Tempat itu akan dilengkapi pula dengan pusat hiburan, rekreasi, dan jajanan, serta perpustakaan. ”Kami alokasikan juga 1,5 hektare lahan untuk taman,” kata pengusaha yang telah membangun 50 menara jangkung pascakrisis ini. Berbagai fasilitas itu diyakini akan memikat para mahasiswa, yang menjadi salah satu target pasar Podomoro City. Jangan lupa, wilayah ini dikepung oleh 50 ribu mahasiswa dari tiga universitas, yaitu Ukrida, Trisakti, dan Tarumanagara.
Sejauh ini, empat apartemen sudah selesai dibangun dan sebagian dihuni oleh mahasiswa. Adanya jemuran di teras setiap lantai mengindikasikan bahwa hampir semua apartemen itu sudah dihuni. Dengan investasi Rp 4 triliun, ia menargetkan bisa membangun 16 menara apartemen dengan kapasitas 10 ribu unit. Sebagian besar bangunan selesai pada 2007-2010.
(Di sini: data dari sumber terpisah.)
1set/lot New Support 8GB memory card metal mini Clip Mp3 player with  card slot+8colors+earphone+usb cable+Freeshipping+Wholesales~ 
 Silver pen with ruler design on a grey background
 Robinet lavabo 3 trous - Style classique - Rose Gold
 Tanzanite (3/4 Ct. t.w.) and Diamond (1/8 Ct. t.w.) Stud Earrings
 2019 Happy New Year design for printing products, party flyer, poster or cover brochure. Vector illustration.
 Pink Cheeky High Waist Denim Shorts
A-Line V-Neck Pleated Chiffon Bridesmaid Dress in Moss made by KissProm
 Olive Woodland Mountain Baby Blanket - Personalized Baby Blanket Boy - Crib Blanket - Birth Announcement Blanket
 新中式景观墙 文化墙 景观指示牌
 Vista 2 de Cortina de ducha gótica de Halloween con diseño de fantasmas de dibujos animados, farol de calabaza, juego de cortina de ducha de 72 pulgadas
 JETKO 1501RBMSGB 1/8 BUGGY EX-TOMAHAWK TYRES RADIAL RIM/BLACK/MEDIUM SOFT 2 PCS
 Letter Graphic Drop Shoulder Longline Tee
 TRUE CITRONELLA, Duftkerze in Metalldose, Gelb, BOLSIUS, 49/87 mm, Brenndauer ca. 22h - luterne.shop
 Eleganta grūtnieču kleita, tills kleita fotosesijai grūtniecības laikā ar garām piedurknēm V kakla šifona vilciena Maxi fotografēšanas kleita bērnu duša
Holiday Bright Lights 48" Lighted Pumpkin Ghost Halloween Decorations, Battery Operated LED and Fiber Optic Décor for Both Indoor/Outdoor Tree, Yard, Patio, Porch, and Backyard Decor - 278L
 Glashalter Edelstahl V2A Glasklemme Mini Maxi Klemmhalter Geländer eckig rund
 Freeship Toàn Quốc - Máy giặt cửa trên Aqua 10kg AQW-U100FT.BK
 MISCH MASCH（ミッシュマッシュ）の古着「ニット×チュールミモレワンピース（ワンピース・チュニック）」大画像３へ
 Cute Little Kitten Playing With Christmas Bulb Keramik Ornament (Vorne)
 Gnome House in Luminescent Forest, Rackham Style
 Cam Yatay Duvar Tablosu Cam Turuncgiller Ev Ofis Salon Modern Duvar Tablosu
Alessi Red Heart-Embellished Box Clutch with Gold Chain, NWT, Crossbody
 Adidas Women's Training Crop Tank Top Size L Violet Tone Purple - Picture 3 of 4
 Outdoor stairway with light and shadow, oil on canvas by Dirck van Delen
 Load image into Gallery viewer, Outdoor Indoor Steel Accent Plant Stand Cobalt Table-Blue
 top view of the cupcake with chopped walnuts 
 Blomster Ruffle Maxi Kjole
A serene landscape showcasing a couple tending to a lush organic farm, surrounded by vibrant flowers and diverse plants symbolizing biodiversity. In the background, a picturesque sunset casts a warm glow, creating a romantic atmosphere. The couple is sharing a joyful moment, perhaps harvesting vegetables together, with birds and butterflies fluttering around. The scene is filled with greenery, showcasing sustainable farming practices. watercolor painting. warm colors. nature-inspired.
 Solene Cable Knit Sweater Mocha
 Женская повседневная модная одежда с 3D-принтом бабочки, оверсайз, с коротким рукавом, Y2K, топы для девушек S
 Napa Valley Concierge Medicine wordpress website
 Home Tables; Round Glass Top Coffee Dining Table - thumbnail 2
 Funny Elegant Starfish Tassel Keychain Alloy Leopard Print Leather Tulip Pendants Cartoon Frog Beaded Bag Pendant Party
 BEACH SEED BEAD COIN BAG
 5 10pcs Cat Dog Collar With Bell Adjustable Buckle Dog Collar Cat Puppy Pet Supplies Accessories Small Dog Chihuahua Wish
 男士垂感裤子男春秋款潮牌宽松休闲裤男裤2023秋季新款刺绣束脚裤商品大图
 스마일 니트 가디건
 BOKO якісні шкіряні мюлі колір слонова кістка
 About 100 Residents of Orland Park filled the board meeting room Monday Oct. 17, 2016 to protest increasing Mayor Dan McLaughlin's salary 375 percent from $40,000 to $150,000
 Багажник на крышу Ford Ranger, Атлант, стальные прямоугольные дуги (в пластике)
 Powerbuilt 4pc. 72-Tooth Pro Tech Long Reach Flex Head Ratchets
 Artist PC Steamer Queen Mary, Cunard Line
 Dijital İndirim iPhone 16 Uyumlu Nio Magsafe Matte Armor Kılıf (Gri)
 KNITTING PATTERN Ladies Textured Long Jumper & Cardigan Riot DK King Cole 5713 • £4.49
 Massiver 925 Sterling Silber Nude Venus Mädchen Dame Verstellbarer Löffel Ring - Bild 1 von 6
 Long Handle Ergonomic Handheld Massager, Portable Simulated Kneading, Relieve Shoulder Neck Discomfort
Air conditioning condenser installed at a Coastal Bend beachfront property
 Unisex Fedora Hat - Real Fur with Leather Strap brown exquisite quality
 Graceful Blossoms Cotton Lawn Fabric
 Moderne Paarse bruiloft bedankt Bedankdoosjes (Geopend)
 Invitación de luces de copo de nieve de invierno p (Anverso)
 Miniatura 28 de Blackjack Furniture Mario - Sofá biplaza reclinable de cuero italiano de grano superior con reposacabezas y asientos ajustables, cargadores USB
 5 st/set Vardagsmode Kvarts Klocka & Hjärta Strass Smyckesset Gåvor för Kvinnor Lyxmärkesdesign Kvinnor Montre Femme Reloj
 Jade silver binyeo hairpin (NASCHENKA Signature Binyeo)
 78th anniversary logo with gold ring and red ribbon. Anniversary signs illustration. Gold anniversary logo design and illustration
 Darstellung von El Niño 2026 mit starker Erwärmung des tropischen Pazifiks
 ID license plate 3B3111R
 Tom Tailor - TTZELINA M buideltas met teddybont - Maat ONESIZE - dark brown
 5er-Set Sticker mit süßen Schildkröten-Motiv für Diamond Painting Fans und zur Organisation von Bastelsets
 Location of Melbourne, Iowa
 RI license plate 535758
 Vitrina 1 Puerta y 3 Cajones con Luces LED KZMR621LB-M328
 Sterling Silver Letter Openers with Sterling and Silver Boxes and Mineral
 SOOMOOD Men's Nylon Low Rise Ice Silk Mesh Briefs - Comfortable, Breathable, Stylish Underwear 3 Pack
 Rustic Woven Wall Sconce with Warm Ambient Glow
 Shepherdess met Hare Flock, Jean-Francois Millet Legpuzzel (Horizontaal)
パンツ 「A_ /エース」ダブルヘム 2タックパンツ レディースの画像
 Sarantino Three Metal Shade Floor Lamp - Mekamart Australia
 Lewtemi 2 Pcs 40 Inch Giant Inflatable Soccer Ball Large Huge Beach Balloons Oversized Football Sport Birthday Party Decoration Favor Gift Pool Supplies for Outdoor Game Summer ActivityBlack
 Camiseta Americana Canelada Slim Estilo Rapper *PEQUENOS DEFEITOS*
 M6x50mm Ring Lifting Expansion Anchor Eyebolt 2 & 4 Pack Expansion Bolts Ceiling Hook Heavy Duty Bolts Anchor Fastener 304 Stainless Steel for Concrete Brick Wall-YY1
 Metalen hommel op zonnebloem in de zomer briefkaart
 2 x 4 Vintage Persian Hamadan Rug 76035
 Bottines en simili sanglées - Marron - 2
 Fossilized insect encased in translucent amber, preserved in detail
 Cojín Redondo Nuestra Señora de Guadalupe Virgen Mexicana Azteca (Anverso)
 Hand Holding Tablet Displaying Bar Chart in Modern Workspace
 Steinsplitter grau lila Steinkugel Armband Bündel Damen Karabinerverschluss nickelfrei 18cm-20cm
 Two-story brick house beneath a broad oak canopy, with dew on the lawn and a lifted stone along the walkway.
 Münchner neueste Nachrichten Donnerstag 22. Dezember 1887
PERTARUNGAN sengit sesungguhnya terjadi di pusat bisnis Jakarta, seperti di Kuningan, Jakarta Selatan, dan kawasan Sudirman-Thamrin, Jakarta Pusat. Di Kuningan, sejumlah pengembang, seperti Grup Bakrie, Ciputra, Agung Podomoro, dan Pakuwon Jati, sedang berlomba mendirikan gedung pencakar langit dengan berbagai fasilitas.
Di Kuningan, Grup Bakrie akan mempersembahkan Rasuna Epicentrum, superblok terbesar di Jakarta, dengan total luas 54,7 hektare. Unit bisnisnya, Bakrieland Development, bermimpi menjadikan Epicentrum sebagai superblok kelas dunia, sejajar dengan Postdamer Platz di Berlin, Jerman, atau Orchard Road di Singapura.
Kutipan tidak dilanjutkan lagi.